Eddie Barker, for one, remembers. The news director for CBS's radio and TV affiliates in Dallas at the time of President Kennedy's November 22, 1963, assassination, Barker is widely credited with first reporting on the air that the president was dead, having received word through a doctor acquaintance directly from the hospital ER. Rather, then based in Dallas as a reporter for CBS's national news broadcast and working out of Barker's newsroom, later took credit for the scoop, Barker says. The error is repeated in historical accounts often enough to annoy the now-retired Barker, though he says the falsehood was later acknowledged by Rather.
It was a different lie--one delivered on national news, and at the expense of children--that caused Rather trouble at the time. As reporters from around the world descended on the Texas city, Rather went on the air with a local Methodist minister who made a stunning claim: Children at Dallas's University Park Elementary School had cheered when told of the president's death.
The tale was perfect for the moment, reinforcing the notion among distant media elites that Dallas was a reactionary "City of Hate." It slyly played to a local audience, too: The school named was in upper-income University Park, one of two adjacent municipal enclaves that shared a school district and a reputation for fiercely protected, lily-white privilege. Finally, for the ambitious Rather--a native Texan and then a Dallas resident--the account represented the very sort of revealing, local dirt that the throngs of out-of-town competitors would have to work far harder to get.
Except that it wasn't true, and Rather knew it, Barker says.
Approached earlier by the same minister with what was a second-hand account, Barker himself had run the story by the school's principal and some teachers, all of whom denied it outright. Because of the shooting, which took place at 12:30 p.m., the principal had decided to close the school early, though without telling the students why. The children at the school--including three of Barker's own--were merely happy to be going home early, he was told.
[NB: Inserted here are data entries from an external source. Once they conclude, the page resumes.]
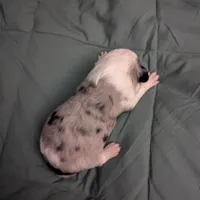 Sapphire , a female Miniature Australian Shepherd for sale in Canton, TX – Photo 7 of 8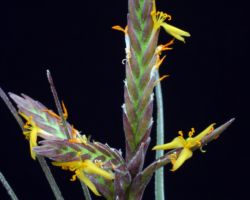 Tillandsia disticha/ティランジア・ディスティカ Tillandsia disticha/ティランジア・ディスティカ
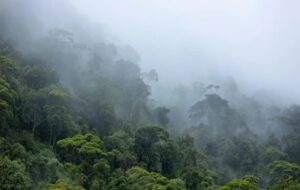 Amazon Yağmur Ormanları 2050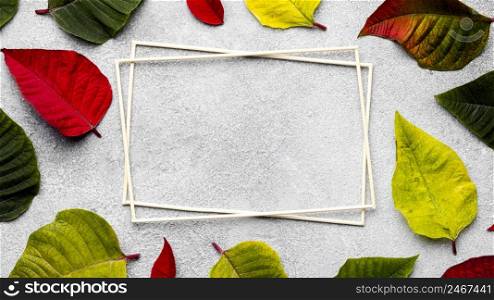 flat lay composition colorful leaves with empty frames 2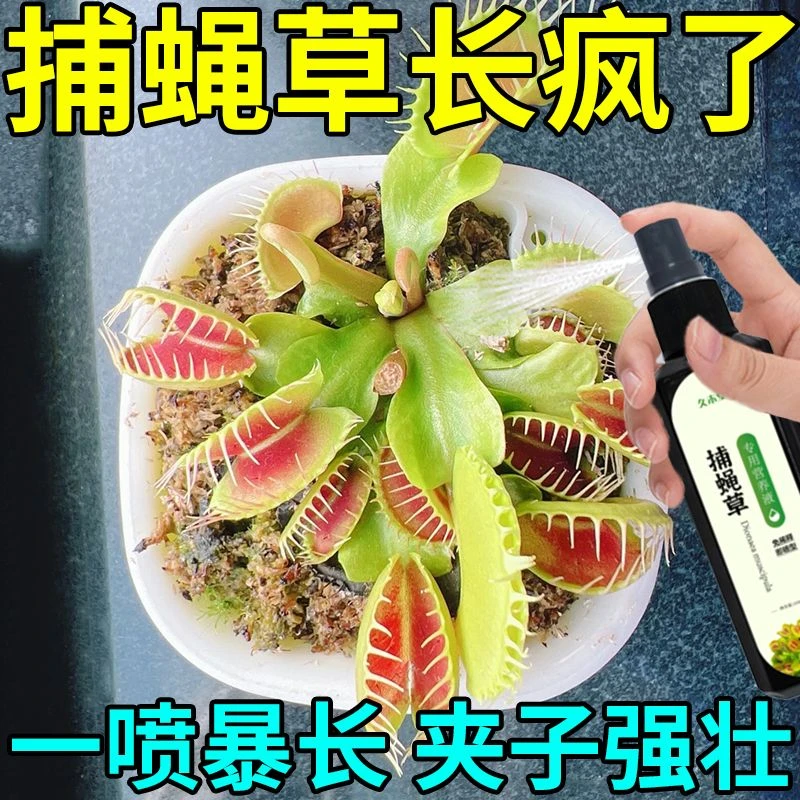【夹肥叶厚】捕蝇草专用营养液专治黑腐病发黄枯萎打蔫烂根植株小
There couldn't have been any spontaneous cheering at the news of Kennedy's murder, because no such news had been announced.
Undaunted, the dogged minister--"a very, very strong liberal and a very, very strong Kennedy supporter," Barker says--moved on to Rather.
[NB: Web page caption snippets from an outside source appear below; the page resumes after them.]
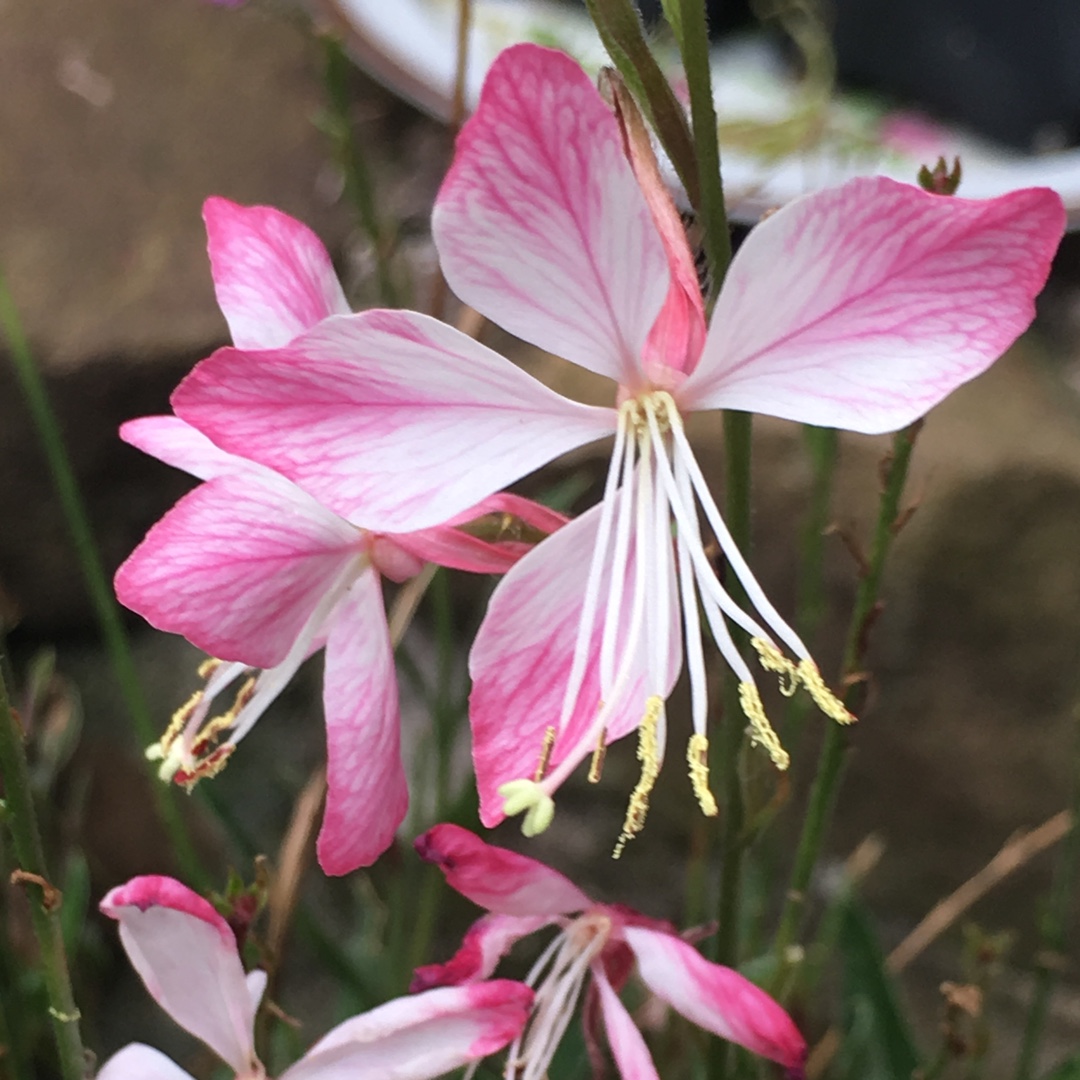 Oenothera lindheimeri Little Janie syn. Gaura lindheimeri Little Janie in the GardenTags plant encyclopedia Lindheimers Beeblossom Little Janie in the GardenTags plant encyclopedia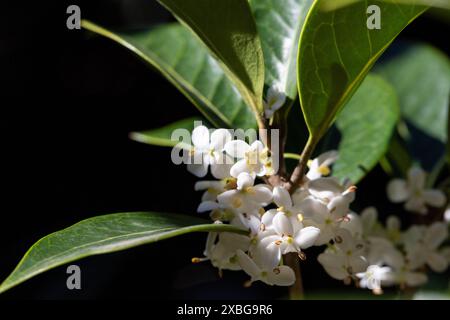 L'Osmanthus Burkwood au printemps, couvert de fleurs parfumées blanc Banque D'Images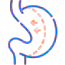 Bariatric And Metabolic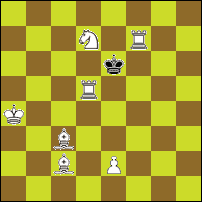 Шахматная задача №262835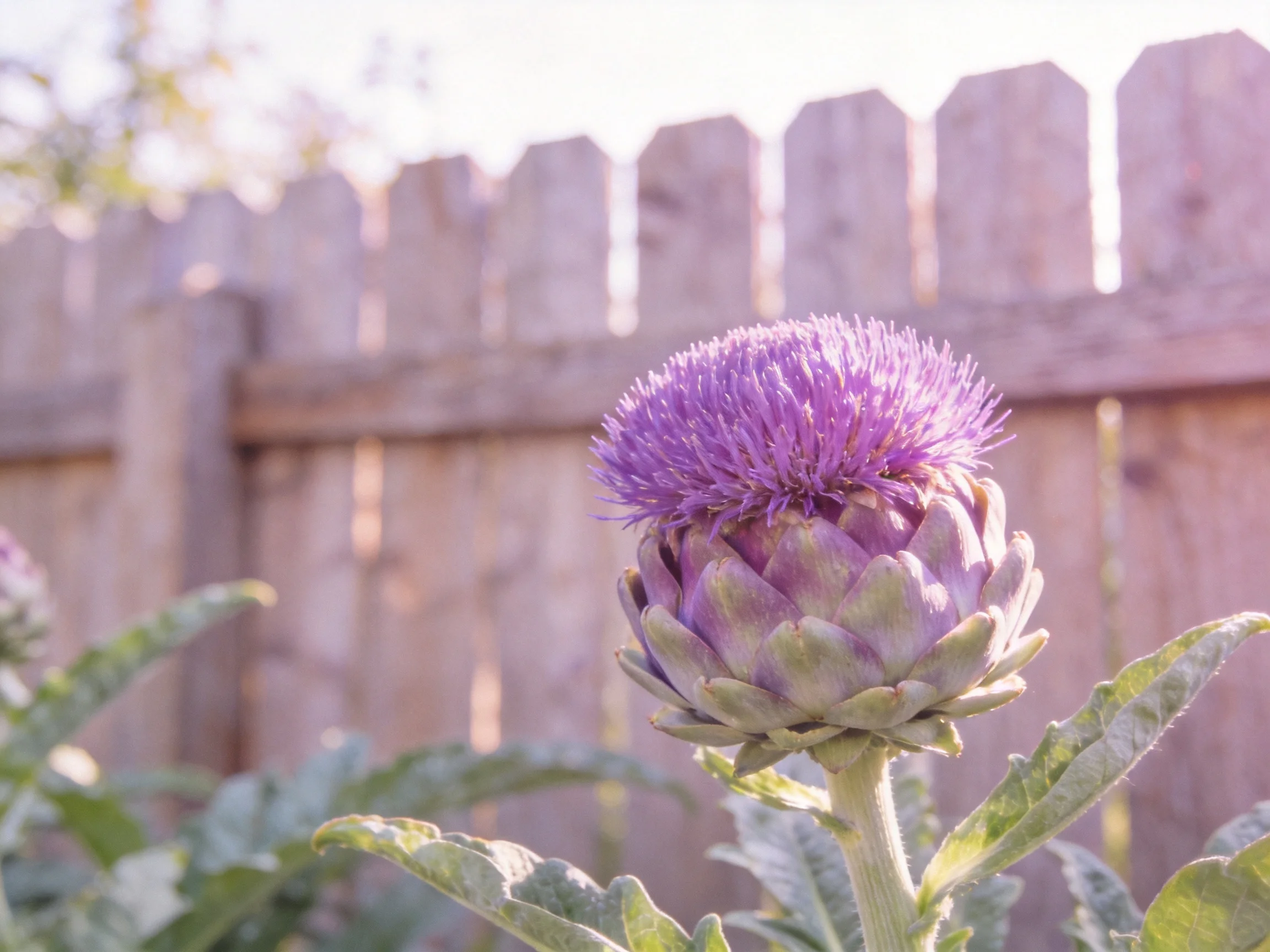 A vibrant purple artichoke flower near a wooden fence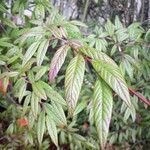 Cotoneaster salicifoliusFolla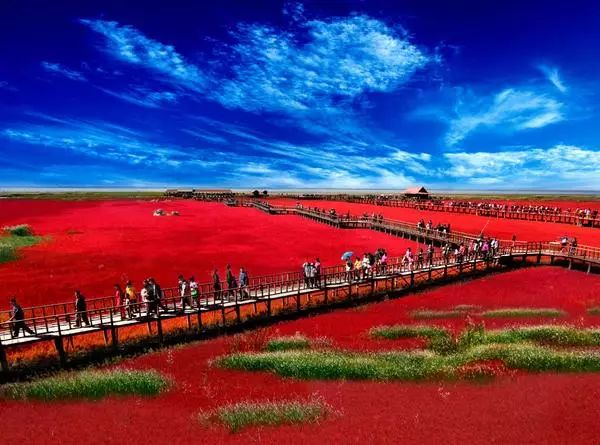 美呆了！祖國的秋色盡收眼底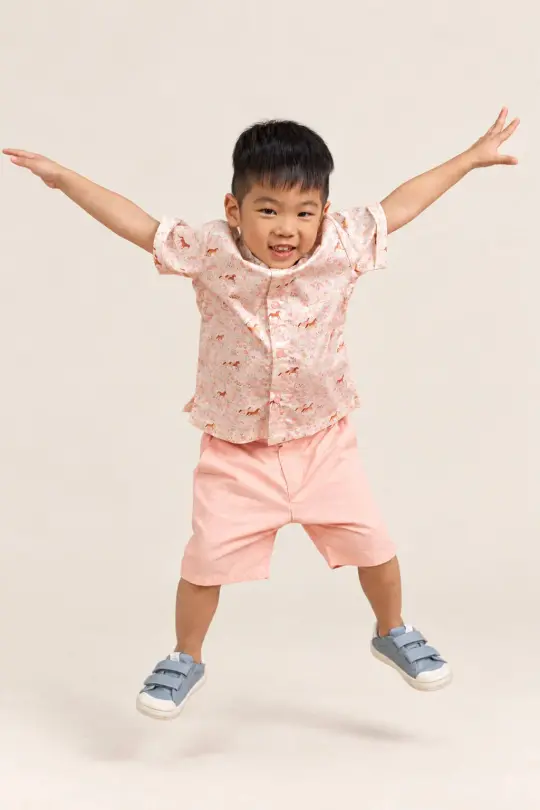 Little Man Shirt - Meadow Horses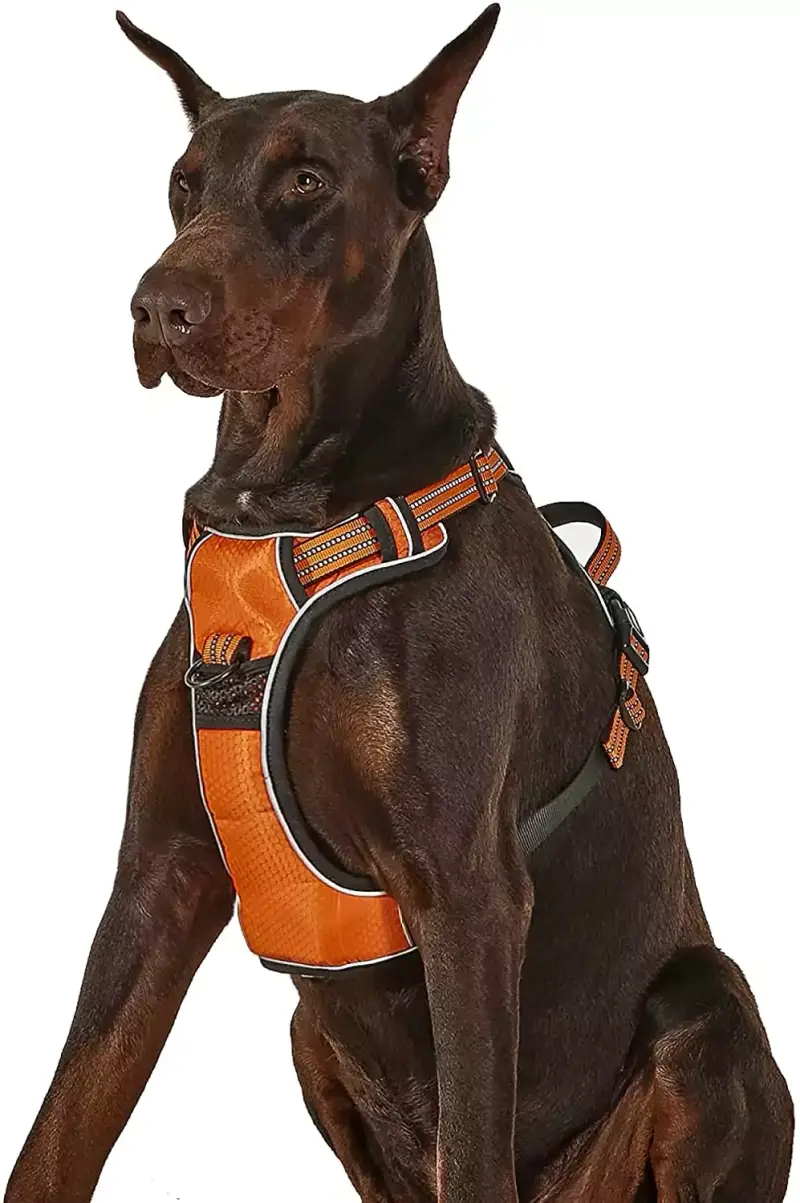 Arnés Perro Antitirones Extra Grande Lesure Arnés Perro Antitirones Extra Grande Lesure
"Rather came to me, and I said, 'My kids are in school there, and I checked it out, and there's not a darn thing to it,'" says Barker. "He said, 'Well, great--I'll just forget it.' But instead of forgetting it, he went out and did this gut job on Dallas and its conservatism," with the preacher's story at the center of his report.
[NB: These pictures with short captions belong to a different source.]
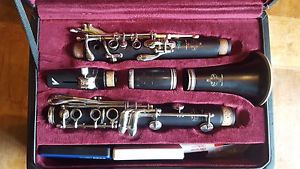 Buffet Crampon R13 Greenline Professional Bb Clarinet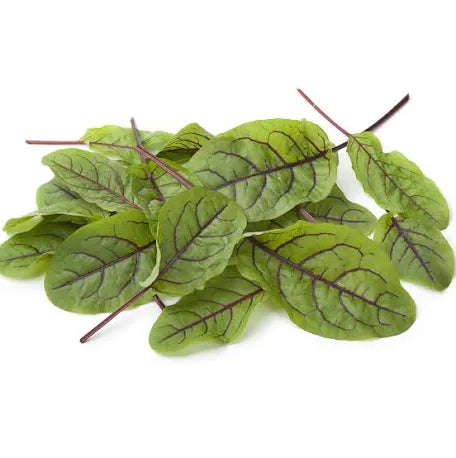 Red Veined Sorrel Panda Seeds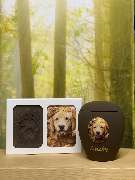 Tierbestatter für Dortmund - 4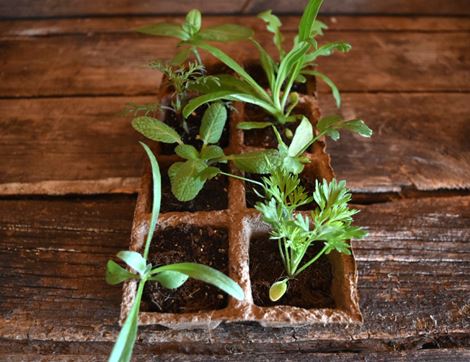 Plug Plants for Summer Flowers, Organic Blooms, Organic (8 plants)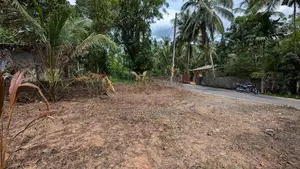 කාපට් පාරට මුහුණලා පර්චස් 48 ක වටිනා ඉඩම විකිණීමට ඌරාපොල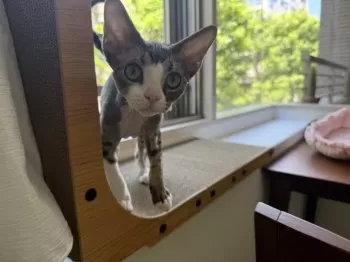 Lily 様のお迎えした子猫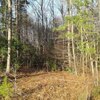 Photo of Mobile Home Lot
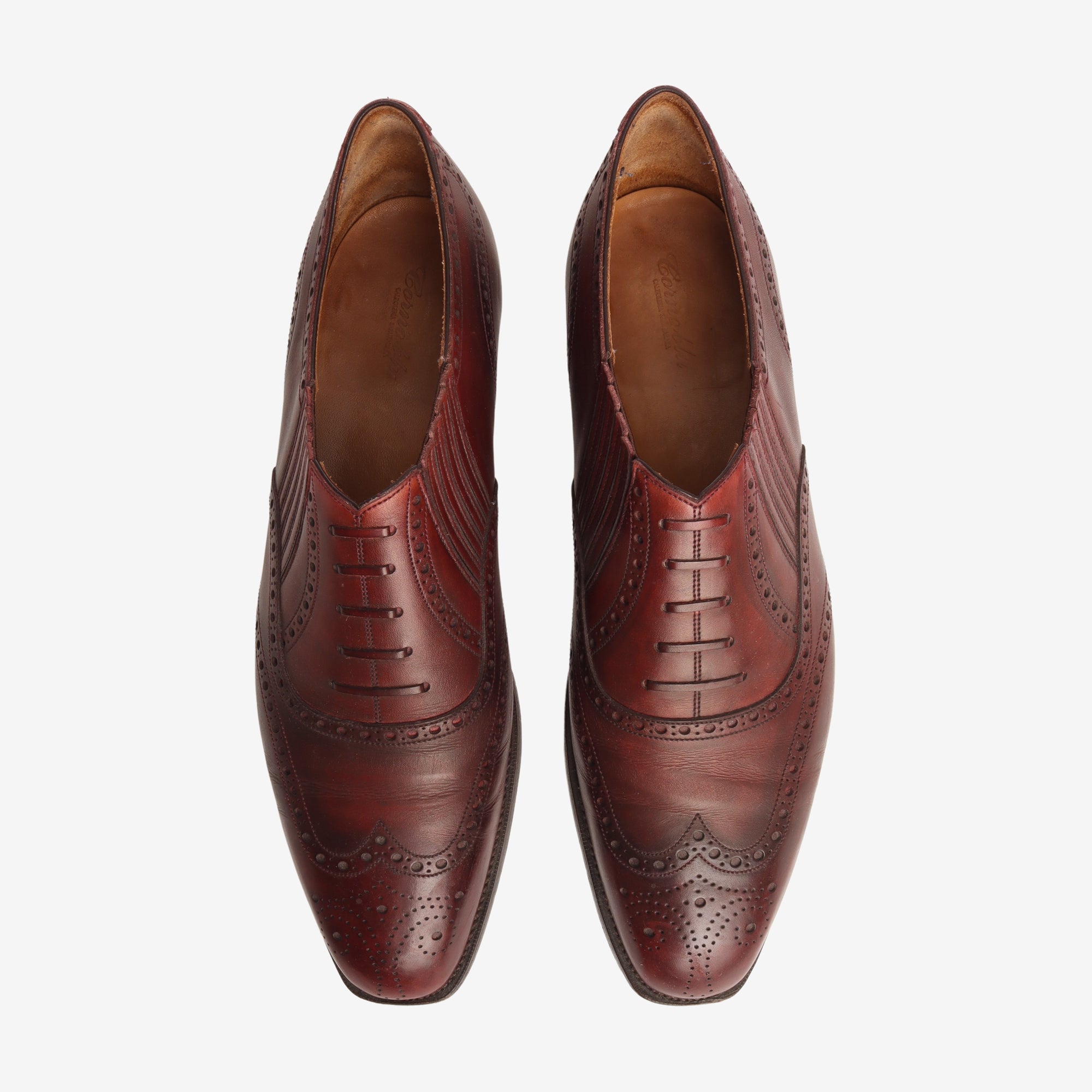 Leo Sideelastic Lazyman + Trees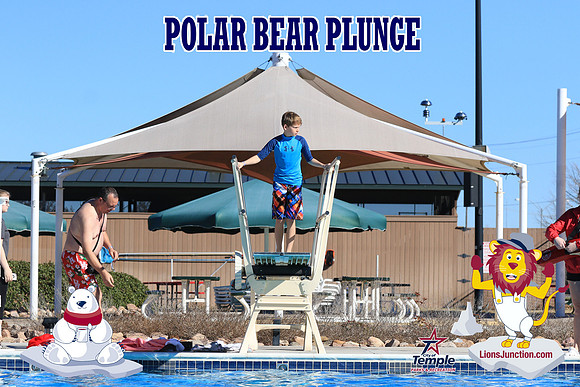 20190105PolarBearA-4150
With the discredited account likely to be challenged by the local affiliate's editors before being fed to New York, Rather sidestepped a customary film-editing session with Barker and arranged to file the report live instead, Barker says. "And so here's Dan with the preacher, telling this story about kids at UP cheering when told the president was dead."
Livid at being lied to, Barker laid into Rather as soon as he returned to the newsroom, expelling the reporter and all his national-news colleagues from the building on the spot. "I said 'Get the hell out of here--you and this whole damn bunch!'" he says.
"Journalistic malpractice" is a pretty good capper for the person who said "I believe you can lie about any number of things and still be considered an honest person."
Safer and Rather? That would be as pitiful as watching William Shatner, Patrick Stewart and Maclolm McDowell, all in their sixties, painfully dragging their arthritic bodies over that mountain during the so-called final action sequence in "Star Trek: Generations."
I'd put that fight on a par with an Elton John-Michael Jackson matchup. The fighting would suck, but you could always hope they both get hurt.
No problem. You can add CBS *reporter* Mike [Myron Leon Wallace] Wallace as the third NewsActor on the list, at least in part for the hatchet piece Wallace ran on General Westmoreland, with whom CBS settled out of court for their libel.
The prevailing standard of the "mainstream" media.